> **INSTRUCTIONS TO FOLLOW**
Starting with the line that contains "Farmstay Farm Stay" and stopping after the line that contains "Moradia T4 em Santa Clara - Image 34", copy the entries below exactly. Include nothing else.

> **DATASET**
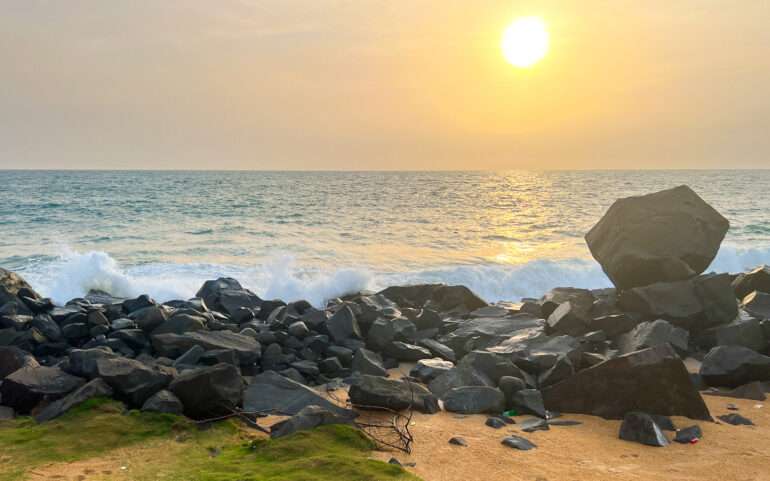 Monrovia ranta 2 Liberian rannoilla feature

* * *

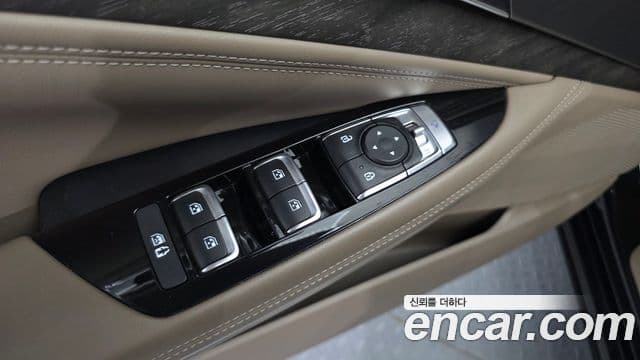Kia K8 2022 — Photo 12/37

---

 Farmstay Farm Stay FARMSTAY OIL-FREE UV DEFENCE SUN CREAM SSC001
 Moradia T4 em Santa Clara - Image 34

> **SOLUTION FOR THIS PROBLEM**
 Farmstay Farm Stay FARMSTAY OIL-FREE UV DEFENCE SUN CREAM SSC001
 Moradia T4 em Santa Clara - Image 34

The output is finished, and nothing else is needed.